沢田 貢氏 東ハト 情報システム部部長
写真●沢田 貢氏 東ハト 情報システム部部長
(写真:田中 昌)
 

 ITベンダーの営業担当者には、リアリティのある提案を求める。新システムを導入することで業務がどう変わり、どのような効果をもたらすのか。新システムの導入に、どれぐらいの手間とコストがかかるのか。イメージがわくよう、具体的な話をしてほしい。

 だが現状は、“ベストプラクティス”と称して、個性のない中身の提案を出してくる営業担当者が多い。表紙のタイトルさえ差し替えれば、どのユーザー企業にも通用するのではないかと思えるプレゼンテーション資料は少なくない。このような提案を見せられても、困ってしまう。

 こんなことが3年前にあった。新たな生産管理システム構築のために、市販の業務パッケージの導入を検討した時のことだ。当時、ITベンダー10社にRFP(提案依頼書)を出したところ、現実味のある提案を作ってきたのは1社だけだった。

 そのITベンダーはプレゼンテーションで、生産管理システムのプロトタイプを開発してきた。
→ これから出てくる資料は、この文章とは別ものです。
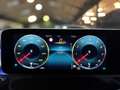 Mercedes-Benz CLA 200 7G-DCT Rojo - thumbnail 43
利用部門の責任者にとって、実際に動くシステムを目の前で見ることほど、分かりやすい説明はない。そのITベンダーに対して、当社の選考メンバーの多くが高い点数をつけた。

 実はこのプレゼンテーションでは、ITベンダー1社当たりの持ち時間を3時間と決めていた。ところが、そのITベンダーのプレゼンテーションだけはおよそ6時間。選考メンバーからの質問が途切れず、切り上げることができない状況になっていたからだ。

 一方、競合他社のプレゼンテーションは、その逆。3時間の予定が2時間ほどで終わってしまう会社も多かった。いずれも提案内容が表面的で、当社の業務にまで踏み込んで考え抜いた形跡が見られない。選考メンバーは、現状の業務がどう変わるのかを理解しにくかったのだろう。提案内容に対する興味もうせて、質問もほとんど出なかった。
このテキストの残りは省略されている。